Photo de Colette MélotColette Mélot, rapporteur :

On retrouve bien dans l'intitulé même de votre délégation le souci du ministère de la culture de prendre en compte les langues régionales. Au fil des auditions que j'ai déjà pu mener, il m'est apparu que beaucoup de besoins étaient déjà couverts par des dispositions existantes, notamment dans le domaine de l'enseignement. Cette proposition de loi me semble malgré tout très intéressante en ce qu'elle nous incite à réfléchir plus avant aux langues régionales dans toutes les dimensions de leur expression. C'est une réflexion qu'à titre personnel, j'aimerais que notre commission puisse prolonger après l'examen de la proposition de loi, qui vous l'avez souligné vous-même, aurait un coût budgétaire non négligeable si elle devait être adoptée.

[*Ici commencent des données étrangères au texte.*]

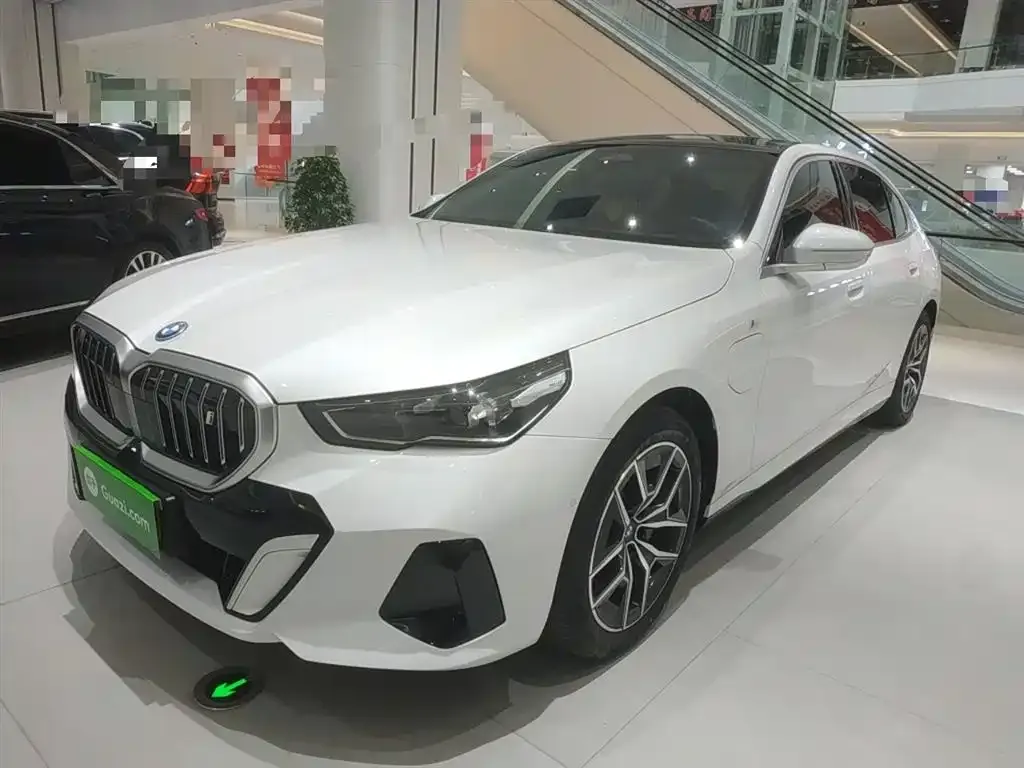 BMW i5 2024 из CN, фото 7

Il faut tenir compte de la grande diversité des situations recouvertes sous l'étiquette de langues régionales avec des langues encore transmises naturellement comme les créoles, des langues articulées sur un idiome international comme l'alsacien avec l'allemand, des langues parlées sur une aire très vaste avec beaucoup de variétés comme l'occitan et celles confinées à un territoire restreint et plus homogène comme le basque, celles qui ne sont pas reconnues par l'éducation nationale mais qui existent dans les médias comme le picard. C'est pourquoi j'aimerais vous poser un certain nombre de questions : comment le ministère de la culture différencie-t-il son action selon les langues et les territoires pour tenir compte de la diversité des problèmes et des besoins ? Qui définit et répertorie les langues régionales et leurs standards ? Le cadre législatif et réglementaire actuel vous paraît-il suffisamment prendre la mesure de la reconnaissance constitutionnelle des langues régionales ? Comment apprécier l'intensité de la demande sociale en faveur des langues régionales à la fois dans l'enseignement, dans les médias et plus généralement la vie économique et sociale ? Existe-t-il des domaines où les besoins légitimes des populations ne seraient pas couverts ? Dans le domaine de la politique linguistique, quelles devraient être selon vous les responsabilités respectives de l'État et des régions ?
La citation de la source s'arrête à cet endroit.